In pure assembly, a simple loop, using the CX
register, on Intel, is far more efficient, as there's no jump, nor stack operation to copy the register values.
So what about C? Take a look at this typical example:
unsigned long factorial( unsigned long n ) { if( n == 0 ) { return 1; } return n * factorial( n - 1 ); }
The same can be achieved with a while
loop:
unsigned long x = n; if( n == 0 ) { x = 1; } else { while( n > 1 ) { x *= --n; } }
We can also choose to use a for
loop:
unsigned long x = n; if( n == 0 ) { x = 1; } for( ; n > 1 ; ) { x = --n * x; }
In pure assembly, we would also write a loop. So with GCC inline assembly:
unsigned long x; if( n == 0 ) { x = 1; } __asm__ ( " movq %[n], %%rax \n\t" " movq %[n], %%rcx \n\t" " decq %%rcx \n\t" "FACTORIAL:" " mulq %%rcx \n\t" " decq %%rcx \n\t" " jnz FACTORIAL \n\t" " movq %%rax, %[x]" : [ x ] "=m" ( x ) : [ n ] "m" ( n ) );
Which one will be the fastest? At first sight, I would have said inline assembly, while, for, and finally the recursive function.
But that's not the case.
Running each case 10000000 time gives the following results:
Recursive: 0.64492511749267578125 While: 1.47788429260253906250 Assembler: 0.62227106094360351562 For: 1.47960233688354492188
Inline assembly is the fastest, but the recursive function is very very close.

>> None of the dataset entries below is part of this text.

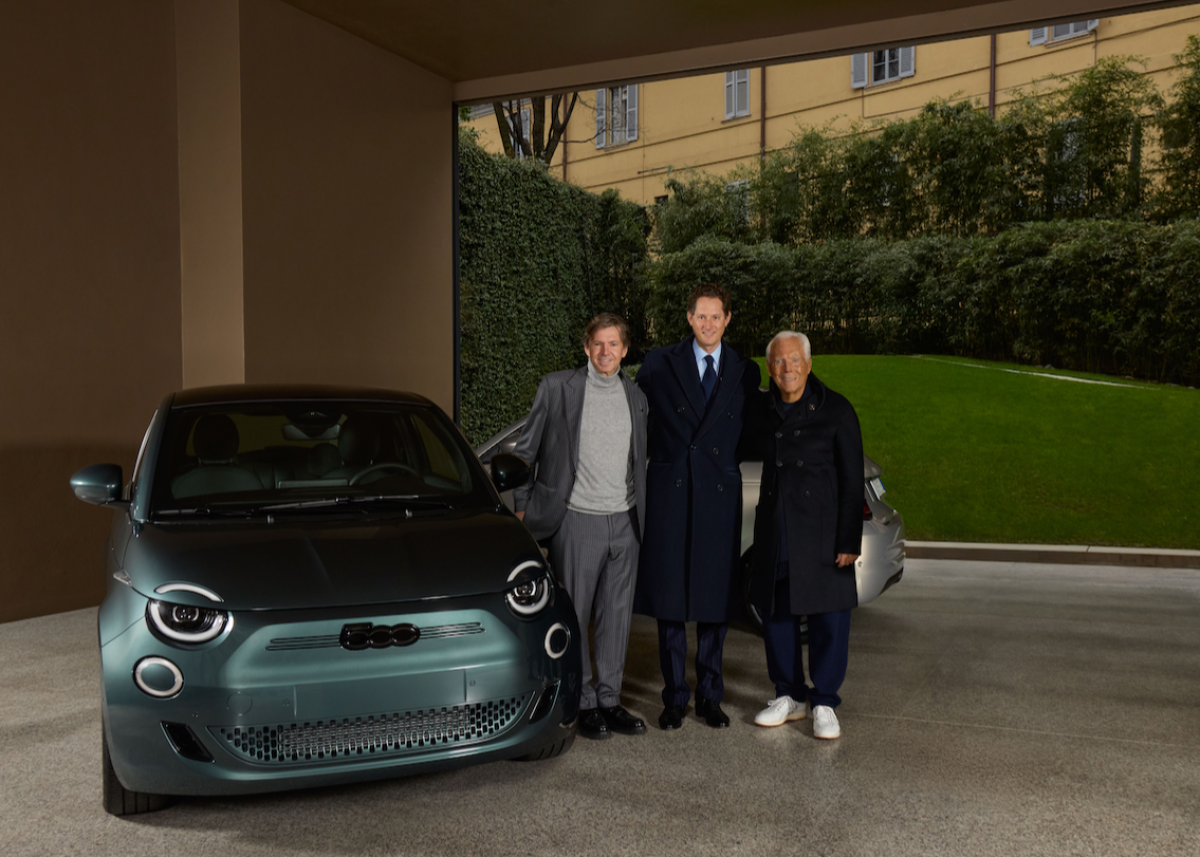 Stardesigner Giorgio Armani erhält zwei nach ihm benannte Sondermodelle des Fiat 500 Elektro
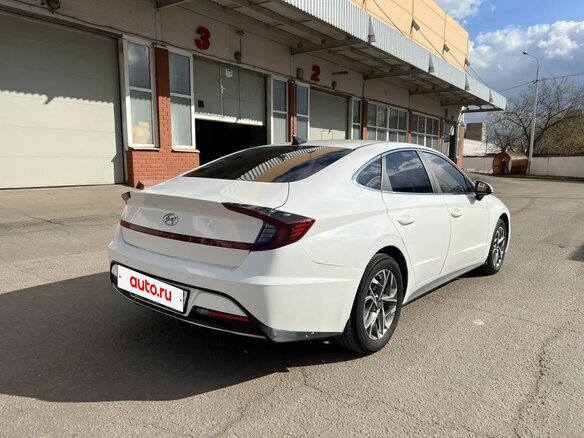 2021 Hyundai Sonata VIII (DN8), жёлтый, 1380000 рублей - вид 4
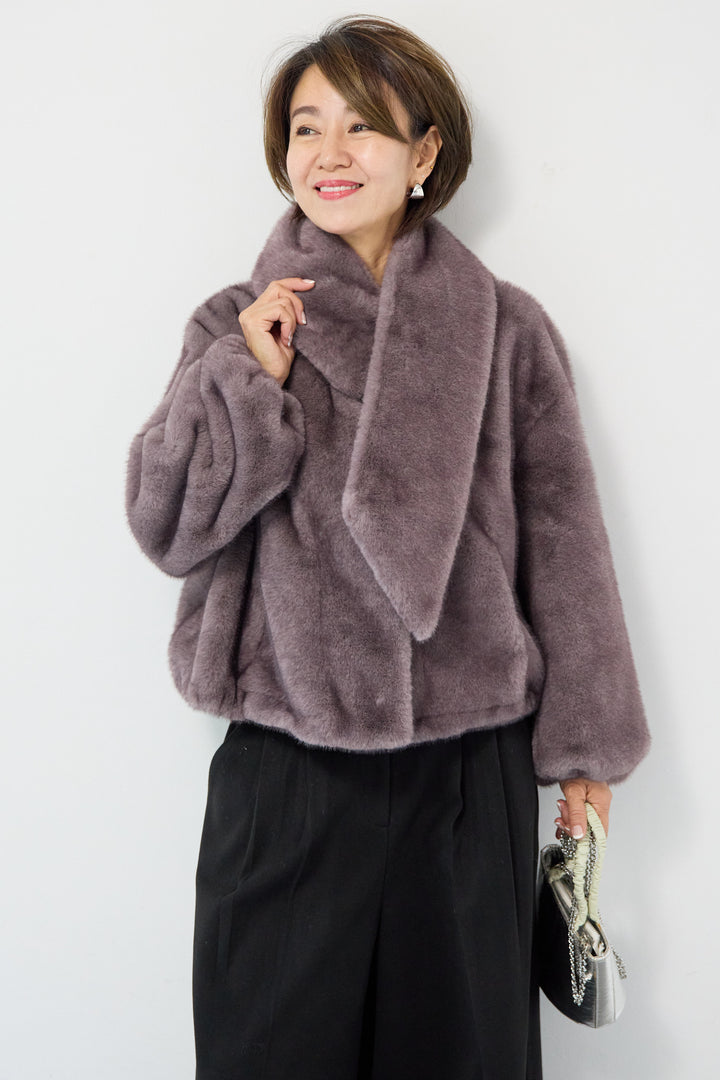 ボリュームストール付きフェイクファーコート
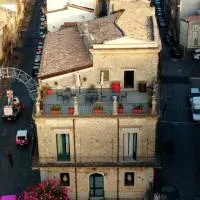Palazzo Restifa, hotel em Montalbano Elicona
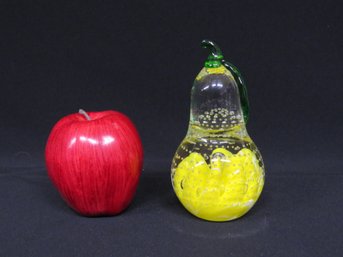 Controlled Bubbles Pear Shaped Paperweight By Joe St. Clair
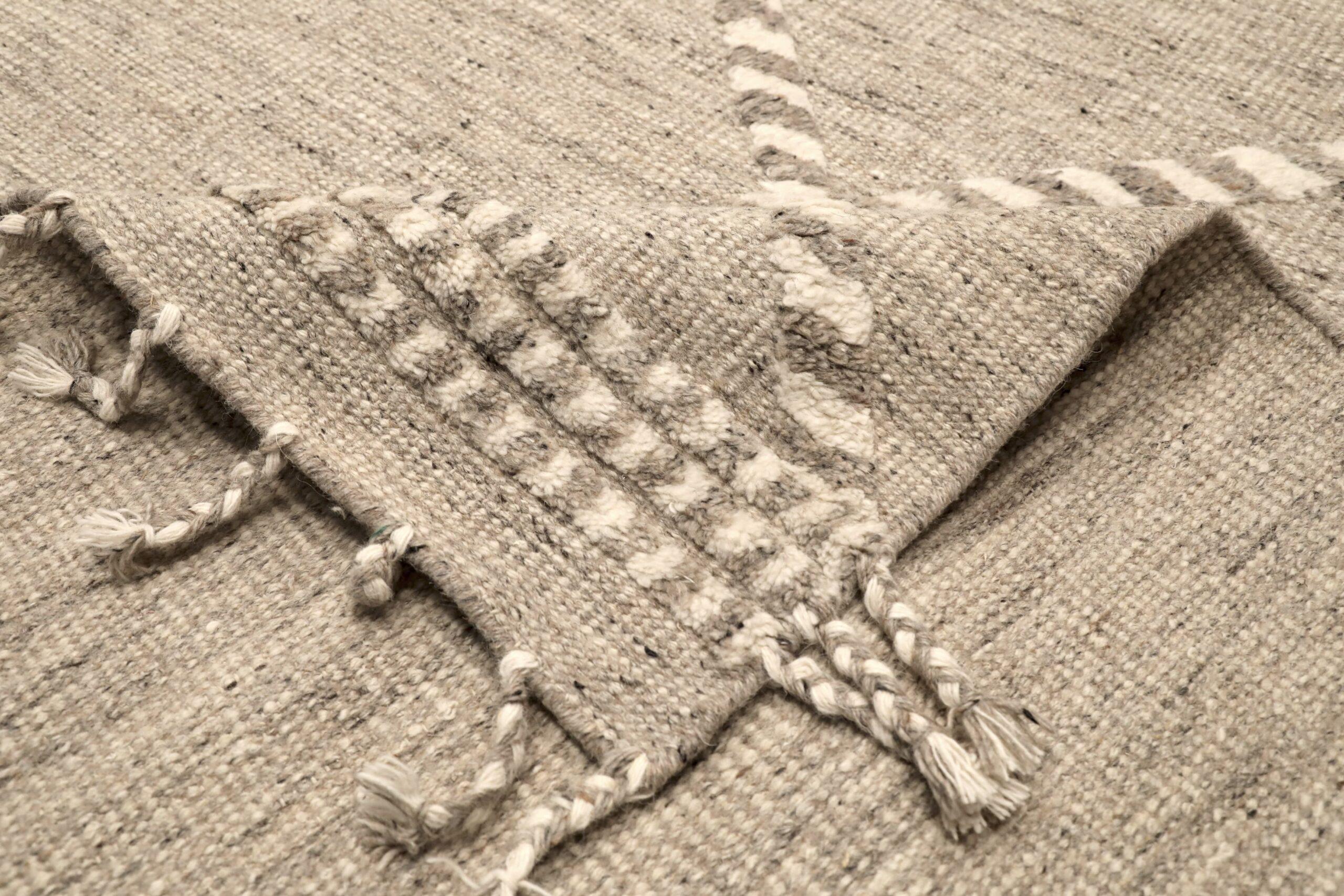 Marokkanischer Over Size-Teppich in Übergröße aus Wolle in Taupe in Indien - 96598 (Indisch) im Angebot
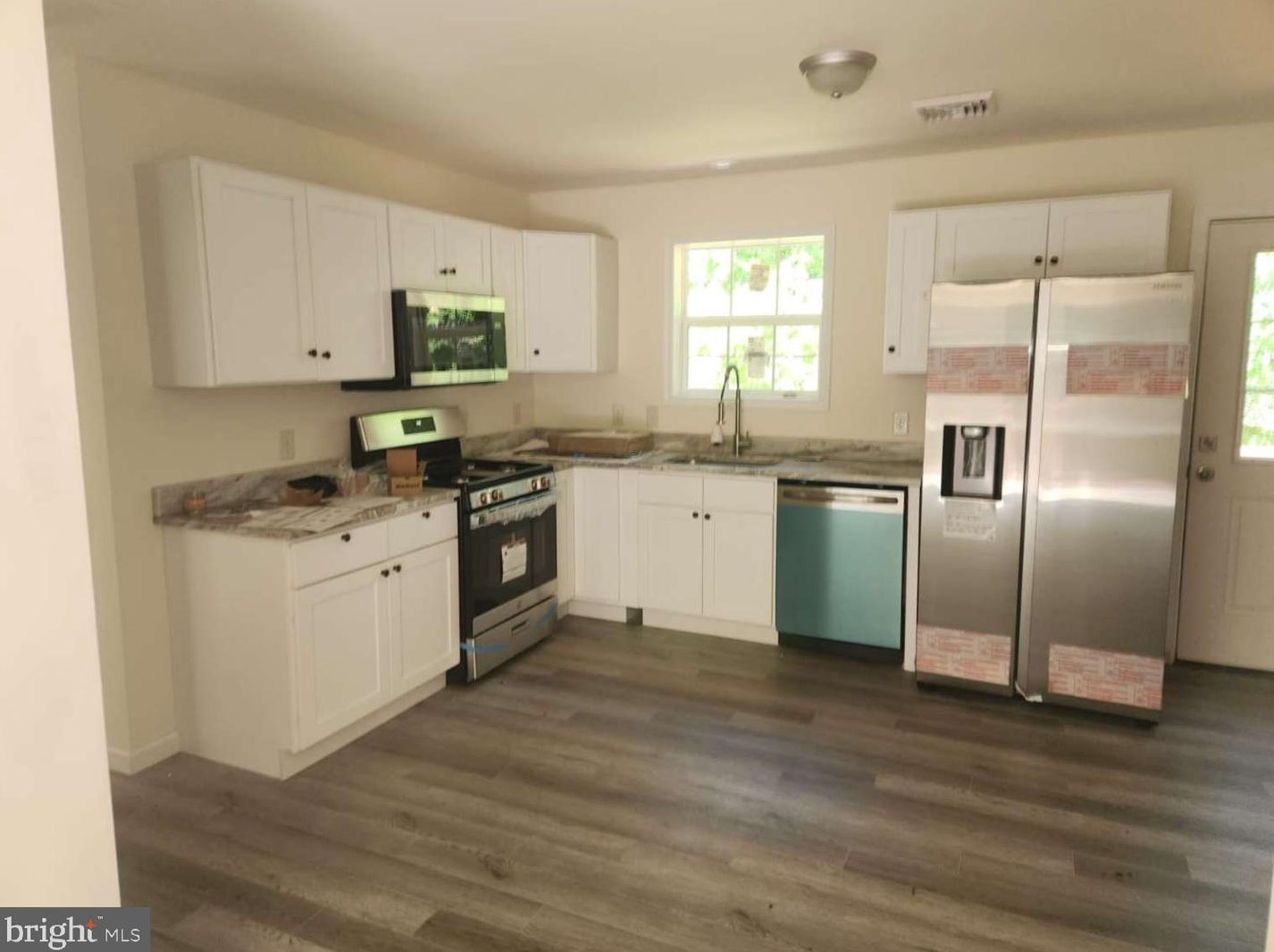 175 Delaware Ave, Pennsville NJ  08070-1825 exterior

The while and for loops takes much longer.
I was very surprised. Why such results?
The answer is in the way GCC optimizes to source code to generate intermediate object code.
If we take a look closer at what GCC does, we can see it optimizes for us a lot of things.
For instance, our recusrisve function, in pure assembly, generated by GCC:
LFE7: .globl _factorial_recursive _factorial_recursive: LFB8: pushq %rbp LCFI3: movq %rsp, %rbp LCFI4: subq $16, %rsp LCFI5: movq %rdi, -8(%rbp) cmpq $0, -8(%rbp) jne L4 movq $1, -16(%rbp) jmp L6 L4: movq -8(%rbp), %rdi decq %rdi call _factorial_recursive movq %rax, %rdx imulq -8(%rbp), %rdx movq %rdx, -16(%rbp) L6: movq -16(%rbp), %rax leave ret
And now the while
loop:
LFB9: pushq %rbp LCFI6: movq %rsp, %rbp LCFI7: movq %rdi, -24(%rbp) movq -24(%rbp), %rax movq %rax, -8(%rbp) cmpq $0, -24(%rbp) jne L12 movq $1, -32(%rbp) jmp L11 L13: decq -24(%rbp) movq -8(%rbp), %rax imulq -24(%rbp), %rax movq %rax, -8(%rbp) L12: cmpq $1, -24(%rbp) ja L13 movq -8(%rbp), %rax movq %rax, -32(%rbp) L11: movq -32(%rbp), %rax
The same applies for the for
loop.
We can see here the compiler (GCC for instance) did a HUGE optimization of our source code.
It means actually that, except if you're a assembly genius, you probably won't code that will run faster, because you did it with inline assembly.
Nowadays, compilers are so efficient that some optimizations just won't work.
In doubt, always remember to benchmark your code, and always remember that compiler can usually generate intermediate assembly code, so you can check what your code will really look like, when executed by the CPU.